2. В приход за тот же период поступило:
1. вождей свежих 276 штук 2. бывших в употреблении 120 - 3. сомнительных качеств 12 - Итого в приход 408 штук с прежде поступившими 550 - из них в обороте 176 - резерве 74 -
Всю эту безупречную, «в ажур», бухгалтерию я прочел, глядя через вздрагивающее директорское плечо. Дальше я не интересовался ею, так как мое собственное дальнейшее местожительство представляло уже больше интереса. Исходя именно из этих соображений, я с быстротой, которой позавидовал бы сам старший экономист ВСНХ, спланировал свои ближайшие срочно-внеплановые маршруты и в темпах, превосходящих передовых энтузиастов социалистического подъема, добежал до квартиры, сунул в наволочку всю наличную, допущенную законом, личную собственность, а в карман менее допускаемый им же комплект заранее заготовленных удостоверений (это надо каждому иметь, как культурную зубную щетку!) и паспорт на обновленное имя… да и был таков! Два перегона я пробежал в стиле непрерывного эстафетного испытания на значек «Готов к труду и обороне»; на третьей станции в результате взаимного трудового соглашения с кондуктором был допущен пребывать в лежачем состоянии на тормозной площадке товарного вагона, в каковом и прибыл на одну из сибирских новостроек… На них и «со всячинкой» берут!
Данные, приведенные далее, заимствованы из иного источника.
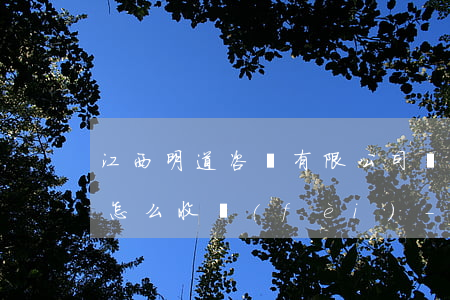江西明道咨詢有限公司協(xié)商還款怎么收費(fèi)-江西明道信息咨詢有限公司怎么樣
О судьбе Анны Ивановны после ответственного контроля ее точной бухгалтерии я узнал там же, но лишь через год. Бывают же совпадения! Она грузила уголь на той же новостройке и ночевала в особо отведенном помещении за проволокой. Эта встреча возбудила во мне интерес к дальнейшим передвижениям, а Анна Ивановна оставалась там еще четыре года.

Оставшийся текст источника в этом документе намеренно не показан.